По прошествии долгого времени Актер, все еще лежавший на полу, сказал:
- Я хотел бы быть хищным зверем, ибо внутренности мальчика несравненно вкусны; даже вкус кожи, покрывающей его тело, затмевает Бога...
Я чувствовал себя так, будто сейчас тоже должен раздеться, оставив одну рубаху, сесть к роялю и начать играть.
Но я не мог сделать это так же естественно, как мальчик. Я вспомнил один пасмурный вечер, когда, совершив побег из дома, очутился в Штральзунде. Было последнее воскресенье перед Страстной пятницей. Я, мучимый страхом, из одной церкви угодил в другую. Сперва я через боковой вход вломился в Мариенкирхе, чтобы посмотреть ее нефы; потом, во второй церкви, присутствовал на богослужении. Под конец я через открытые двери вошел в Николаикирхе.
Вверху на хорах кто-то играл на виолончели, а кантор аккомпанировал. Это была ария Баха.
В проходе две женщины болтали, и кантор через некоторое время спросил у них, правильно ли подобран регистр органного сопровождения. Они ответили: «Да». Я же сказал: «Нет».

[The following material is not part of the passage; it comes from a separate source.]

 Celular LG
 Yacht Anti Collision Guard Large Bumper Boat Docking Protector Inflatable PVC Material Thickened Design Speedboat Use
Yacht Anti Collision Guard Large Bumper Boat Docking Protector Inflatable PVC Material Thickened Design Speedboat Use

Я потом сам вскарабкался на хоры, и те двое заиграли снова. Мне в тот момент казалось, что я могу сыграть что угодно, и я попросил у старого кантора разрешения сесть за клавиатурный стол. Он мне позволил. Но как только я выбрал регистр, сила моя улетучилась - вся; я пытался вспомнить мелодию, но она в моей голове полностью стерлась. Растерявшись, я нечаянно потянул не за тот рычажок, и воздух из труб вышел; я этого не заметил, ударил по клавишам - никакого звука.

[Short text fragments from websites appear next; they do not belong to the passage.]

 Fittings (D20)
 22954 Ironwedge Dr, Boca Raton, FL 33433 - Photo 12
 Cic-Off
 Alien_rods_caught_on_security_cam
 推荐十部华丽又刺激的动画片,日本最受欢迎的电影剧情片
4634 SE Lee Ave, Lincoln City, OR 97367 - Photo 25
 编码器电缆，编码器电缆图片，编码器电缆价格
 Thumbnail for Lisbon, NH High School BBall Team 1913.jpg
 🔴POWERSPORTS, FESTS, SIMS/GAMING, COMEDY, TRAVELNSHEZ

Тут я услышал за спиной звонкий смех, это смеялась девушка в пурпурно-красном платье. Смеялась надо мной... Мне стало бесконечно стыдно, и я бросился вниз по винтовой лестнице... С тех пор я никогда больше не отваживался играть... Да наверняка уже бы и не сумел.
Хозяин замка подошел ко мне... Глаза мои не были устремлены на него, а смотрели дальше, поверх его головы; но он все-таки подошел. Я очень смутился и хотел сказать, что меня с кем-то перепутали; но страх внутри меня не допустил этого... Страх, кажется, постепенно проникал и в хозяина замка - мой страх, то ощущение неуверенности, что витало в воздухе.
Я опомнился: осознал, что два моих глаза смотрят на разные вещи... Но к тому моменту, когда я полностью сосредоточился, хозяин замка уже прошел мимо и спрашивал Кантора, не хочет ли тот сыграть еще что-нибудь. Тот, всплеснув руками, ответил:
- Кто ж захочет играть после этого мальчугана, да еще в тот же вечер...
Герхард, по-прежнему лежа на полу, стал рассуждать о том, почему все великие и удивительные личности время от времени проявляли жестокость. Ссылался он в основном на Марло и Рембрандта. Он говорил:
- Пылкий Марло, у которого кровь бурлила в жилах, когда он описывал тайное бракосочетание Геро и Леандра, и который потом не смог изобразить их смерть, потому что счел это безответственным - позволить двум любящим умереть в разлуке, а не в объятиях друг у друга... Так вот: у него, конечно, не было доводов, показывающих, что предание в данном пункте не правдиво... Но он боялся сделать предание еще более правдоподобным, если ему удастся изобразить эту не достойную Бога ситуацию... Однако по сути он уже давно обращался с собственной душой еще ужаснее... Он мог быть отвратительным, потому что не желал замалчивать правду. Он писал свои кровавые пьесы, где буйствуют насилие и несправедливость, где трупы подвергаются расчленению и осквернению, - сам же не говорил ни единого слова наперекор.